/gappy-mwes

Code for NAACL 2019 paper: "Bridging the Gap: Attending to Discontinuity in Identification of Multiword Expressions"

Primary LanguagePython

Overview

This repository contains the code and sample data for the experiments related to our NAACL 2019 paper "Bridging the Gap: Attending to Discontinuity in Identification of Multiword Expressions".

Prerequisites

pip install -r ./requirements.txt

Run a sample

To check if you have the proper dependencies and see a sample output, simply run main.py. The results (including the predicted labels and the evaluation performance) will be saved in the directory results/{model settings}.

Run your own tagger

Please follow the steps below to run your own model:

1 - Copy your train, test and dev .cupt files under the directory data/{language}/.
2 - Download pre-trained ELMo embeddings.

The models are trained using pre-trained ELMo embeddings. To obtain representations for your inputs, follow the instructions at ELMo For Many Langs. Save the output h5py file (as ELMo_EN, ELMo_FR, etc) and place the files in the ./embeddings folder.

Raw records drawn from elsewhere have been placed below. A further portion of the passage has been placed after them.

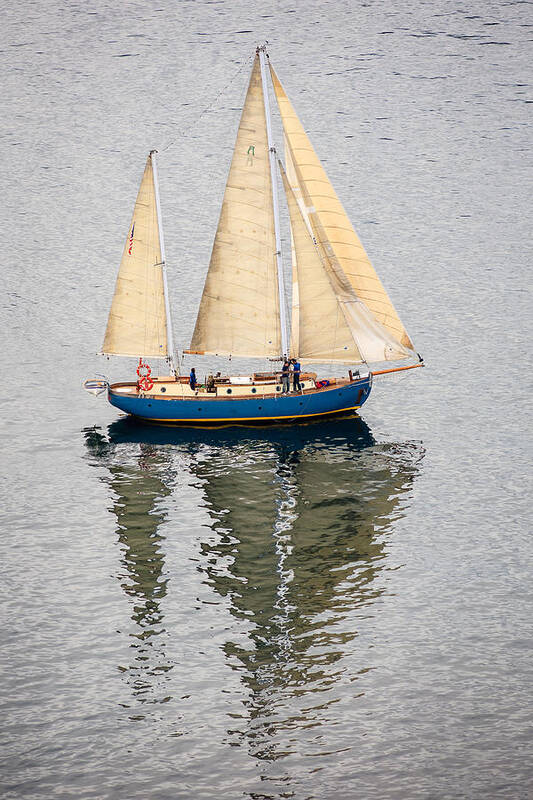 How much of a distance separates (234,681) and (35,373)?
A: 43.1m

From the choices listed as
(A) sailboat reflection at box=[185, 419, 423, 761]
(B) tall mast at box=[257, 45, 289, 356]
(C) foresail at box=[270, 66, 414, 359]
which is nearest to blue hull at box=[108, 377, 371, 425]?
(A) sailboat reflection at box=[185, 419, 423, 761]

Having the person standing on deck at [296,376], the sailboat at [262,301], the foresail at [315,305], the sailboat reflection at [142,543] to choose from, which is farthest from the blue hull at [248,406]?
the sailboat reflection at [142,543]

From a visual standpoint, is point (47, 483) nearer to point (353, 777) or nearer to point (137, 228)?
point (137, 228)

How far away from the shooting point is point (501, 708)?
44938mm

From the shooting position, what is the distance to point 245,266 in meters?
74.8

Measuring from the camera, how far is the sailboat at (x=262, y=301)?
72.2 meters

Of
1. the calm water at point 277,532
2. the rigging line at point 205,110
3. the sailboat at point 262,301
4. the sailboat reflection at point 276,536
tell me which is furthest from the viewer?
the rigging line at point 205,110

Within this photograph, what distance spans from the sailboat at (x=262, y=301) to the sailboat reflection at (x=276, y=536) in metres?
2.24

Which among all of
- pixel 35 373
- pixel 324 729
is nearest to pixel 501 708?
pixel 324 729

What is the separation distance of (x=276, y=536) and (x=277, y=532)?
493mm

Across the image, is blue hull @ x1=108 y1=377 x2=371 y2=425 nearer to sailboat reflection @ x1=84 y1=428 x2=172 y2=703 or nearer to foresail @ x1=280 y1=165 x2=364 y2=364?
foresail @ x1=280 y1=165 x2=364 y2=364

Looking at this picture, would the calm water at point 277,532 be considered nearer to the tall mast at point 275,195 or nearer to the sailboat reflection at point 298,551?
the sailboat reflection at point 298,551

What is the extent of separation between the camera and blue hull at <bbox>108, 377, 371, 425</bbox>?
73.1m

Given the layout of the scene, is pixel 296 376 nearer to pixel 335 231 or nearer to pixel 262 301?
pixel 262 301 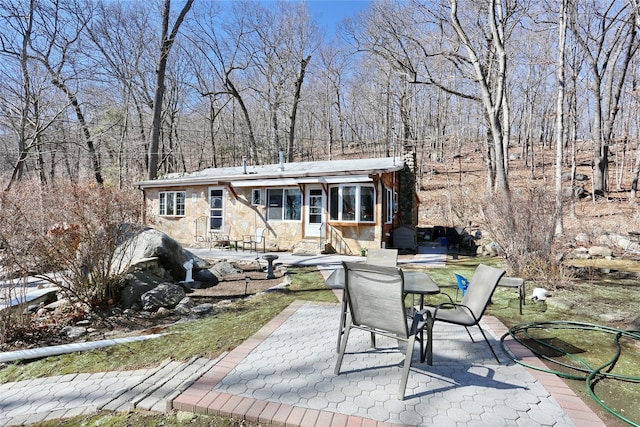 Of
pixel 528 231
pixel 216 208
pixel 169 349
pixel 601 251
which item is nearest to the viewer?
pixel 169 349

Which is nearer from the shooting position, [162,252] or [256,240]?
[162,252]

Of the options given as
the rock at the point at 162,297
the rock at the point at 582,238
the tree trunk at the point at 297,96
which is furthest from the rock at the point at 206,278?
the tree trunk at the point at 297,96

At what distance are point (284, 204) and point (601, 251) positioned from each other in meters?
10.0

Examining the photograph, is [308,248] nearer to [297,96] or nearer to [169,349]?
[169,349]

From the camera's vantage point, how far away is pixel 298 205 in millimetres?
12008

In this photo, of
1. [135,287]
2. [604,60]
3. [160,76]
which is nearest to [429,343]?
[135,287]

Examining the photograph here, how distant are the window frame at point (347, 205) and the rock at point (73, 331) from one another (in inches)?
305

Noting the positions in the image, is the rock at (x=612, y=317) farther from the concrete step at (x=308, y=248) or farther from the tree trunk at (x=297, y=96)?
the tree trunk at (x=297, y=96)

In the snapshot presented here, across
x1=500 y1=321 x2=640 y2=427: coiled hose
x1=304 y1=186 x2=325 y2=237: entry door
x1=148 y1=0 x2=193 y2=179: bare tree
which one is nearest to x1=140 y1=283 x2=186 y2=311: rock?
x1=500 y1=321 x2=640 y2=427: coiled hose

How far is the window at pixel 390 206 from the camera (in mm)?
11461

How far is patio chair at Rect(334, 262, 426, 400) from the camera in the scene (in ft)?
8.32

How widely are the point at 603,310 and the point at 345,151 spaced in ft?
104

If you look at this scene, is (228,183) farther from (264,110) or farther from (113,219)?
(264,110)

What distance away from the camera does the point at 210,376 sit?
2.87 metres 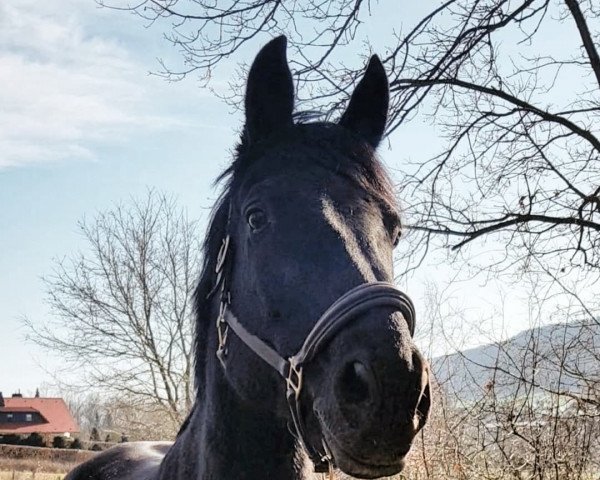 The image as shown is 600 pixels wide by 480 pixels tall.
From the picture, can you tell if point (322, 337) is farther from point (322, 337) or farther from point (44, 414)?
point (44, 414)

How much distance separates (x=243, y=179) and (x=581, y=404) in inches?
159

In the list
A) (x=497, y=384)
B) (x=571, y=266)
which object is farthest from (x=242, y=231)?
(x=571, y=266)

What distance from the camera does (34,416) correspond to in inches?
2334

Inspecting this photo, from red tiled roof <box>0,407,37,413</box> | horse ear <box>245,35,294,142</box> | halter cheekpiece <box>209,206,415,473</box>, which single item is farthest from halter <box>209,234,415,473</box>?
red tiled roof <box>0,407,37,413</box>

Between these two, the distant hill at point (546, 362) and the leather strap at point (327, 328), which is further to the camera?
the distant hill at point (546, 362)

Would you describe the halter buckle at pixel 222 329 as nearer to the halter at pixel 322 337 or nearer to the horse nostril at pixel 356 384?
the halter at pixel 322 337

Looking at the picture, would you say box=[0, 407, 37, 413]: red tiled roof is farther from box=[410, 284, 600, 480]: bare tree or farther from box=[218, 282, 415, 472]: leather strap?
box=[218, 282, 415, 472]: leather strap

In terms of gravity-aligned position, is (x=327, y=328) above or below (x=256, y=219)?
below

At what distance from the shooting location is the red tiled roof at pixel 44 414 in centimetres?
5728

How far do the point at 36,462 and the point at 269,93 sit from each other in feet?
81.1

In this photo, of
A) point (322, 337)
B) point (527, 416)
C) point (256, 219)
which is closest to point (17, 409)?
point (527, 416)

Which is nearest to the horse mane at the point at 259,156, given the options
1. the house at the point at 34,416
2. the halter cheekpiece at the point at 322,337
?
the halter cheekpiece at the point at 322,337

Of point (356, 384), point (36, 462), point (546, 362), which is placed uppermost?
point (546, 362)

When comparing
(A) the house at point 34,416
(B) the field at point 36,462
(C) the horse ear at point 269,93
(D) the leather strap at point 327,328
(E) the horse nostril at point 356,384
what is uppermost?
(A) the house at point 34,416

3 - Set all variables (language, tagging model etc) in lines 10-22 of main.py .
4 - run main.py.

Project Structure

In the interest of readability, we provide an overview of the structure of our project:

.
├── README.md
├── corpus.py
├── corpus_reader.py
├── data
│   ├── EN_SAMPLE
│   │   ├── dev.cupt
│   │   ├── test.cupt
│   │   └── train.cupt
│   └── bin
│       ├── evaluate_v1.py
│       └── tsvlib.py
├── embeddings
│   └── ELMo_EN_SAMPLE
├── evaluation.py
├── main.py
├── models
│   ├── layers.py
│   └── tag_models.py
├── preprocessing.py
├── requirements.txt
├── results
└── train_test.py
  • corpus.py, and corpus_reader.py: read the data in the conll format and contain methods that is used by the preprocessor.
  • embeddings: pre-trained embedding files with the format ELMO_{EN|FR|FA|DE}. It contains a sample file (ELMo_EN_SAMPLE) for the trial run.
  • evaluation.py: contains the script for evaluation.
  • preprocessing.py: prepares data in the proper format and loads ELMo embeddings.
  • layers.py: self-attention, GCN, and highway layers are defined here.
  • tag_models.py: our models are all defined here. This part depends on layers.py.
  • train_test.py: contains the functions for training and testing the models.
  • main.py: the main part connesting all the other scripts. You can specify the main variables here (language, epochs, model, ...).
  • data: contains sample data (in EN_SAMPLE) including 5, 2 and 4 sentences in train, dev and test respectively for a trial run. To obtain the data used in the experiments, download train, test, and dev files for each language from Parseme's gitlab page.
  • bin: contains the evaluation code of the PARSEME shared task on identifying VMWEs.
  • requirements.txt: contains the names and versions of the required dependencies.
  • results: results appear here after main.py is run.

TL;DR

If you only care about the model architecture, have a look at ./models/tag_models. Self-attention and GCN are defined in the separate file ./models/layers.py.

Reference

@inproceedings{Rohanian2019,
  author    = {Omid Rohanian and
               Shiva Taslimipoor and
               Samaneh Kouchaki and
               Le An Ha and
               Ruslan Mitkov},
  title     = {Bridging the Gap: Attending to Discontinuity in Identification of
               Multiword Expressions},
  year      = {2019},
  booktitle = {Proceedings of the 2019 Conference of the North {A}merican Chapter of the Association for Computational Linguistics: Human Language Technologies, Volume 1 (Long and Short Papers)},
  url       = {https://www.aclweb.org/anthology/N19-1275/},
  pages = "2692--2698",
  abstract = "We introduce a new method to tag Multiword Expressions (MWEs) using a linguistically interpretable language-independent deep learning architecture. We specifically target discontinuity, an under-explored aspect that poses a significant challenge to computational treatment of MWEs. Two neural architectures are explored: Graph Convolutional Network (GCN) and multi-head self-attention. GCN leverages dependency parse information, and self-attention attends to long-range relations. We finally propose a combined model that integrates complementary information from both, through a gating mechanism. The experiments on a standard multilingual dataset for verbal MWEs show that our model outperforms the baselines not only in the case of discontinuous MWEs but also in overall F-score."
}